Diane McColley recognizes the allure and motivation in condemning or condoning Milton in print: “One measure of the power of Milton’s poetry is that readers so often either love it or hate it, and that those who hate it nevertheless go on writing about it” (McColley 147). For centuries, the tide of acceptance and abhorrence has ebbed and flowed in shifting patterns. The work of Milton in Paradise Lost is heady, esoteric, and paradoxical. This technique is typical of the Renaissance writers who use the Bible as their paradigm. Authors intentionally include statements and ideas that are contradictory; their mission is to have the reader use powers of reason to discern “the truth” contained within (Pruitt). Without fully evaluating the sources on which Milton draws, the truth is difficult, if not impossible, to discern. Although he leans heavily on the ideology that had been previously published in his political, educational, and sociological treatises, Milton creates a pastiche from Greek and Roman myth, the Torah, the Christian Bible, his own prose, and revolutionary flights of fancy. Paradise Lost is also recognized as incorporating the views of St. Augustine, but Gilbert and Gubar find fault with this. Subsequently, they define Milton as one who is “descending from Patristic misogynists like Tertullian and St. Augustine” (Gilbert 821). They provide no clarification to indicate what part of Augustine’s theological position they are referencing. However, by pairing St. Augustine and Tertullian together, the assumption is that the reference alludes to the controversy over the source matter for creation. Here, Milton actually turns away from the theology of Tertullian and Augustine, creatio ex nihilo, and favors that of Justin Martyr, Clement of Alexandria, and Cambridge Platonists, creatio ex Deo (Campbell 108). Since the critique does not clarify the exact exegesis to which they refer, the reader must make an assumption in order to confirm or reject this position. The authors are remiss in not elaborating on their position.
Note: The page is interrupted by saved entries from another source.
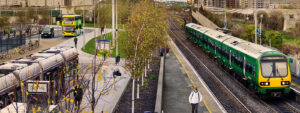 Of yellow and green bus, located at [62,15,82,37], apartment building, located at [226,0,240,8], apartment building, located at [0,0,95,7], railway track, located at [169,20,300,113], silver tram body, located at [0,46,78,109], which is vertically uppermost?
apartment building, located at [226,0,240,8]

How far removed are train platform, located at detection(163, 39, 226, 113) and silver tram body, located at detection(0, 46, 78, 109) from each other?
5.86 metres

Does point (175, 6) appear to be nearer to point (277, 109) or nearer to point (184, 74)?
point (184, 74)

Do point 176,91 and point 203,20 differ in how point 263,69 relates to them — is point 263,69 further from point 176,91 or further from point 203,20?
point 203,20

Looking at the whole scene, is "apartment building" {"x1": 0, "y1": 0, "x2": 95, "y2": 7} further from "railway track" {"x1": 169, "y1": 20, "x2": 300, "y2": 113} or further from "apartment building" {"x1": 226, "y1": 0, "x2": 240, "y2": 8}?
"apartment building" {"x1": 226, "y1": 0, "x2": 240, "y2": 8}

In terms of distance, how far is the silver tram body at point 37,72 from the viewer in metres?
14.2

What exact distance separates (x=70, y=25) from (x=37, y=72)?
4749 cm

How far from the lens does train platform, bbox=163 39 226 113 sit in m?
21.5

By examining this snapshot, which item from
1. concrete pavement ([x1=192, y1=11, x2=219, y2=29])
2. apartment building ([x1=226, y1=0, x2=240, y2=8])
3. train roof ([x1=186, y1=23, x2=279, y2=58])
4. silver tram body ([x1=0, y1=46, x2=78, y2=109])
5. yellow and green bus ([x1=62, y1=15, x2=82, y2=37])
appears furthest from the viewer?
apartment building ([x1=226, y1=0, x2=240, y2=8])

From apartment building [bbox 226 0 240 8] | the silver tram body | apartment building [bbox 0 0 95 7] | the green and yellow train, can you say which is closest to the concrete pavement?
apartment building [bbox 0 0 95 7]

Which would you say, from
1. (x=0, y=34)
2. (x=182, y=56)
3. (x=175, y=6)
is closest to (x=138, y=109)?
(x=182, y=56)

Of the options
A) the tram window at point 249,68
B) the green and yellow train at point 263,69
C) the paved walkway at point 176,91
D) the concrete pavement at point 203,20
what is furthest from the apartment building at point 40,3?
the tram window at point 249,68

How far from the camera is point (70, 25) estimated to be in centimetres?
6366

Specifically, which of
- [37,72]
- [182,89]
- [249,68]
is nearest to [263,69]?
[249,68]

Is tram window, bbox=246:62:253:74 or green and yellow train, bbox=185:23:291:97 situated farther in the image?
tram window, bbox=246:62:253:74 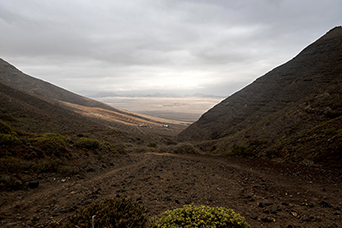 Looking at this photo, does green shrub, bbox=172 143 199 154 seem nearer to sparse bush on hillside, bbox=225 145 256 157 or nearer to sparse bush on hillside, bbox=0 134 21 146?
sparse bush on hillside, bbox=225 145 256 157

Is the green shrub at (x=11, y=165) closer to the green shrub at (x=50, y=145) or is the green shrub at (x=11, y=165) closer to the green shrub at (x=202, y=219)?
the green shrub at (x=50, y=145)

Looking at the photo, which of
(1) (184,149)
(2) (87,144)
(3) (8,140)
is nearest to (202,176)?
(1) (184,149)

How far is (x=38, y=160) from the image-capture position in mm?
7223

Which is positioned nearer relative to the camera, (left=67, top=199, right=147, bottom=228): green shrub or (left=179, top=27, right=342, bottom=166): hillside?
(left=67, top=199, right=147, bottom=228): green shrub

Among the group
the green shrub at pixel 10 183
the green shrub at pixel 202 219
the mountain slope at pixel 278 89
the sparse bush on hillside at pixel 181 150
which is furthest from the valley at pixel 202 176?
the mountain slope at pixel 278 89

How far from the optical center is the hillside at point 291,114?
30.0ft

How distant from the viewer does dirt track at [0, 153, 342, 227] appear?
405 centimetres

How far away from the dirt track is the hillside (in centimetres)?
192

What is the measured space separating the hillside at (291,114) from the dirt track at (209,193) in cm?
192

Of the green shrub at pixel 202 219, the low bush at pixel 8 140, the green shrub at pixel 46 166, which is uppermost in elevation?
the low bush at pixel 8 140

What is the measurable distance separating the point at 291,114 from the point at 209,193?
11695mm

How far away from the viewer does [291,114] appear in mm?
13594

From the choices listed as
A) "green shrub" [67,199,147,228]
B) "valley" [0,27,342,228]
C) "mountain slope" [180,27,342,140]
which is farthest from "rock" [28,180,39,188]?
"mountain slope" [180,27,342,140]

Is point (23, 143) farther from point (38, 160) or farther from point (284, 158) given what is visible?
point (284, 158) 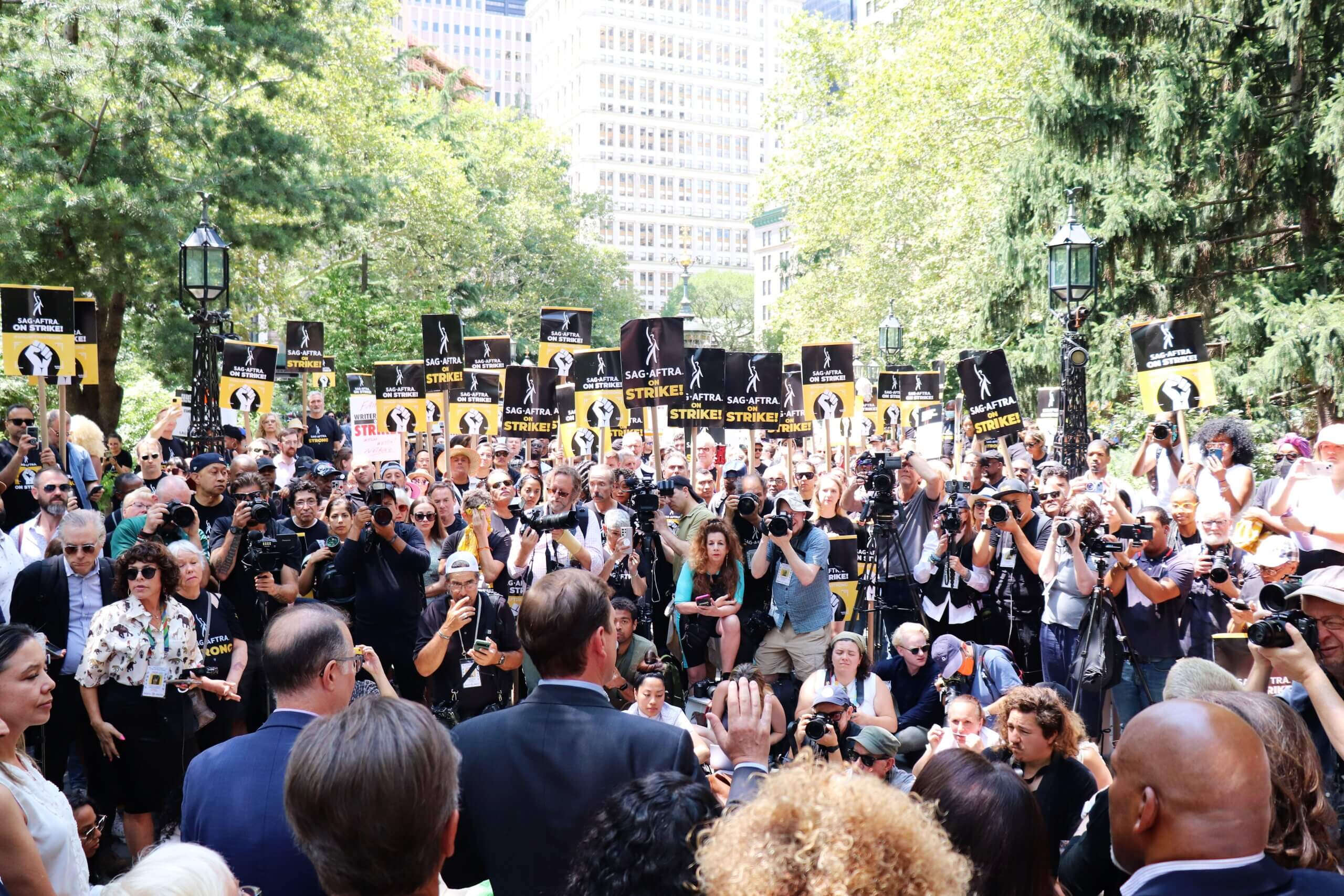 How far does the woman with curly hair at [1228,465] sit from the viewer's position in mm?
8055

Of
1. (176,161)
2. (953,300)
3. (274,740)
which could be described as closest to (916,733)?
(274,740)

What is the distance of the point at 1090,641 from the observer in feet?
21.7

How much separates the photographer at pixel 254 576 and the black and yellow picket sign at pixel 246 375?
6.45 metres

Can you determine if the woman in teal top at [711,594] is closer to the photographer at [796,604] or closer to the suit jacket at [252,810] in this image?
the photographer at [796,604]

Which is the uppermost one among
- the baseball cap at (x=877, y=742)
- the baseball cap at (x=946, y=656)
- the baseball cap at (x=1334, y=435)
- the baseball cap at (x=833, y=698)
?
the baseball cap at (x=1334, y=435)

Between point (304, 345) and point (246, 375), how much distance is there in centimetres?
217

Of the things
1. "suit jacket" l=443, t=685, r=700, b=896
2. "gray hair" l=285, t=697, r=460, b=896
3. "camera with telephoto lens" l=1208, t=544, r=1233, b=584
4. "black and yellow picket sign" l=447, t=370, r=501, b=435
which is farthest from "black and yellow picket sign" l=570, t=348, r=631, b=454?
"gray hair" l=285, t=697, r=460, b=896

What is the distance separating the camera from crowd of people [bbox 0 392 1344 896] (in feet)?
7.38

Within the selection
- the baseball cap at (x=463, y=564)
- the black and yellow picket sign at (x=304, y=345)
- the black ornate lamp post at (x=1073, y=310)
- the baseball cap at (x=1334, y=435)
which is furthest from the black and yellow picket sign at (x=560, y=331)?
the baseball cap at (x=1334, y=435)

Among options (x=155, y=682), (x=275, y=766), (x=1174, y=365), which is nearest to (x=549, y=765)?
(x=275, y=766)

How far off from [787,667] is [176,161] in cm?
1163

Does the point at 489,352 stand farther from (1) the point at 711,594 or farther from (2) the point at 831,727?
(2) the point at 831,727

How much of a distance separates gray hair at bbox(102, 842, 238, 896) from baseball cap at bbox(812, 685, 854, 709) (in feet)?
11.2

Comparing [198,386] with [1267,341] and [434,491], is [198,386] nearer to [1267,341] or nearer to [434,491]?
[434,491] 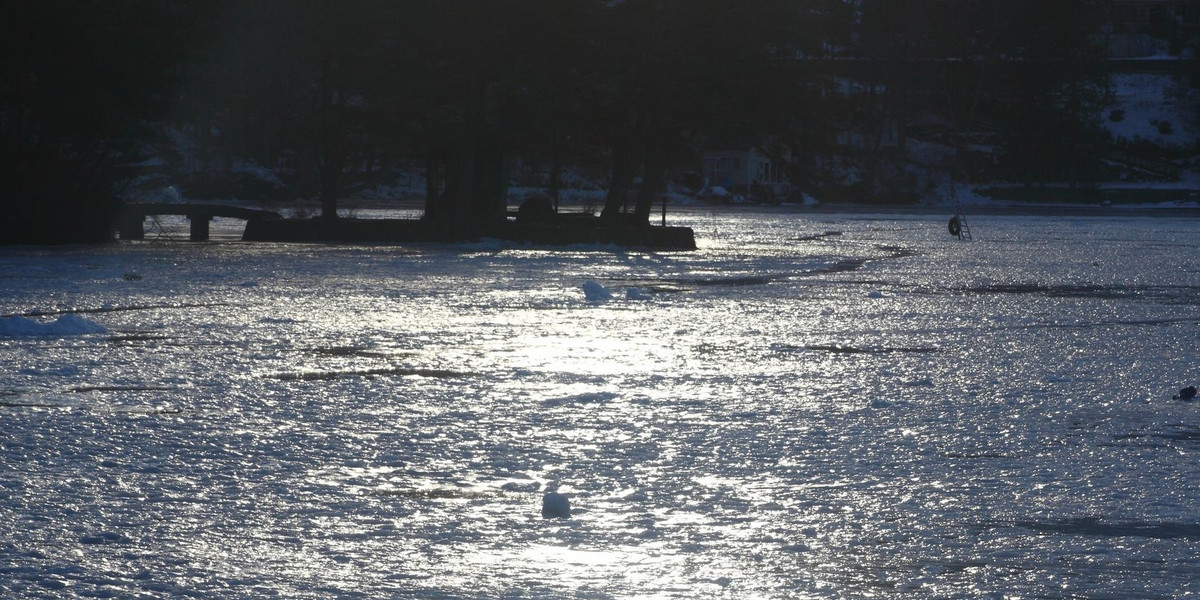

St. Augustine does have clearly defined statements on the culpability in the Fall. The importance in St. Augustine’s interpretation of the events in the Fall stem from his theological analysis of Adam’s motivation. According to Augustine, Adam falls from his own choice, not by deception. Some have painted the deception of Eve as the worse possible scenario; however, it is the intent of Adam that condemns his action, even more than the act itself. When Adam consciously decides to disobey God‘s directive, he makes a deliberate choice to remain with Eve. Adam does not fall; he leaps. Milton uses God’s words to express his own sentiments that original sin is repairable for man, but that God remains intolerant of Satan and his cohorts: “they themselves ordained their Fall./ The first sort by their own suggestion fell /Self-tempted, self-depraved. Man falls deceived /By th‘other first: Man therefore shall find grace, The other none” (III.128-132). The defining difference between mankind and Satan exists because Satan has the intention of sinning, not through deception. Man is only forgiven for the Fall because of the deception. However, this can only relate to Eve, since she is the one deceived, and St. Augustine clearly states this premise, “Adam transgressed the law of God, not because he was deceived into believing that the lie was true, but because in obedience to a social compulsion he yielded to Eve, as husband to wife, as the only man in the world to the only woman. Adam was not deceived but the woman was deceived” (Chambers 121). Therefore, mankind is saved from eternal punishment because Adam and Eve are sentenced as a couple. “Deceive by Satan, Eve eats of the forbidden fruit in the mistaken belief that her action is right;” she saves Adam from eternal damnation, since to sin by deception is not as egregious as deliberate and premeditated disobedience (Chambers 118). In a sense, Adam is given a free ride on the Eve’s coattails, .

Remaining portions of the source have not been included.